Closed tanmaykm closed 4 years ago
Here are some timings I got in tests:
julia> par = ParFile("dsd50p.parquet");
julia> @time collect(Parquet.BatchedColumnsCursor(par));
5.620772 seconds (39.11 M allocations: 1.723 GiB, 7.16% gc time)
julia> @time collect(Parquet.BatchedColumnsCursor(par));
0.117820 seconds (182.06 k allocations: 191.918 MiB, 4.35% gc time)
So this is a RowGroupIterator?
cc = Parquet.BatchedColumnsCursor(par)
for batchvals in cc
# do something
end
Am I right in understanding that batchvals
in my example above is a named tuple contain columns from a row group?
If that's the case, why not just call it the RowGroupIterator?
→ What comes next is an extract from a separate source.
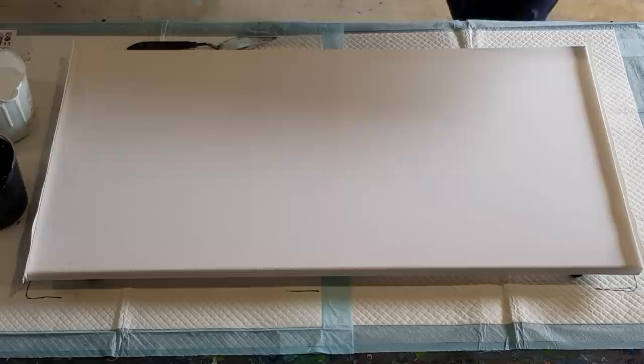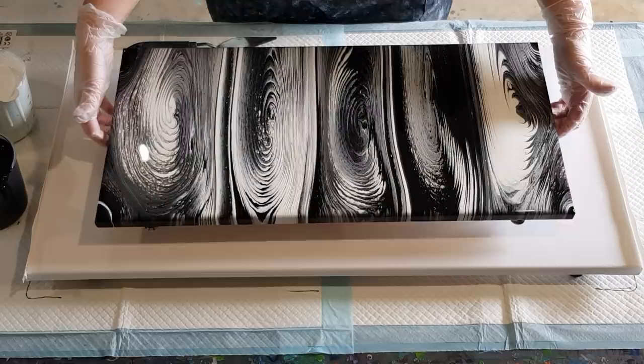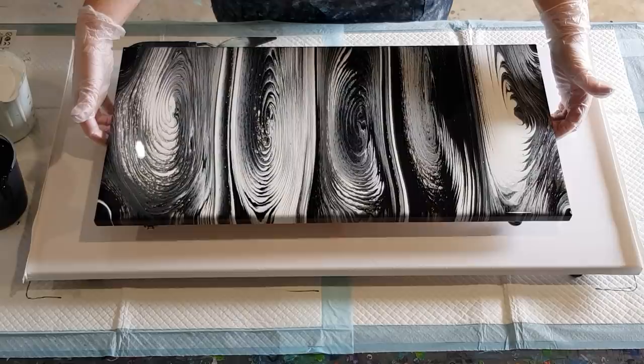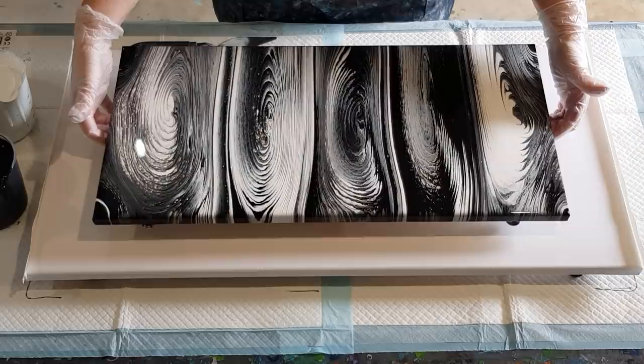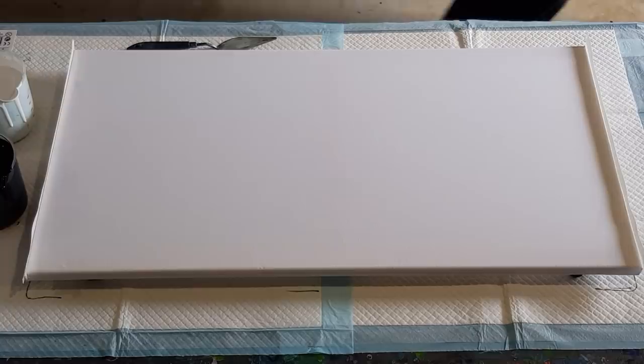I did this one this morning — a five-ring pour in floetrol, two parts floetrol to one part paint. I wanted a black and white painting but kind of got a gray painting, so I'm changing it up. I love this one, it is beautiful, but I just wanted black and white. So I'm going to go again and try for proper black and white.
Yes, it returns a named tuple of columns. I felt we may have other strategies to batch in future, so didn't tie the name to row groups.
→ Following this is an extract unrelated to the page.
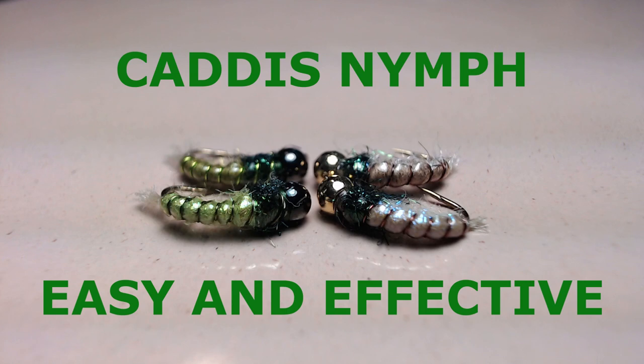Here in Utah, a double nymph rig with this caddis pattern and some sort of PMD nymph is really deadly June through September. I fished that combination of flies a lot. I encourage you to tie up some of these and try them out on your local caddis water.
There is a bug here where strings are not returned correctly. If the data is encoded in BYTE_ARRAY then you need to check the converted type to see if should be a string. The ConvertedType for string is UTF8 which has value 0. See the relevant thrift definition as below.
This seems quite slow for large parquet files. You can find some large CSVs here https://docs.rapids.ai/datasets/mortgage-data and convert them to parquet and test.
String conversion can be done by passing the map_logical_types=true
option while optning the Parquet file. Is there any place in the schema where ConvertedType
can be picked up from?
Could you post some timings that you see on large files?
String conversion can be done by passing the
map_logical_types=true
option while optning the Parquet file.
Shouldn't this be automatically done in the case of strings? Both the R and Python reader reads them as strings.
Is there any place in the schema where
ConvertedType
can be picked up from?
Yes, it is stored in the metadata.schema[i].converted_type
for some i
. If the type is BYTE_ARRAY then you need to check the converted_type
parameter and if it's filled and is UTF8
(which is 0
) then you need to cast the byte array as String
.
When you load the data you need to check that. The dsd50p.parquet
dataset you used in your benchmark has some strings.
Could you post some timings that you see on large files?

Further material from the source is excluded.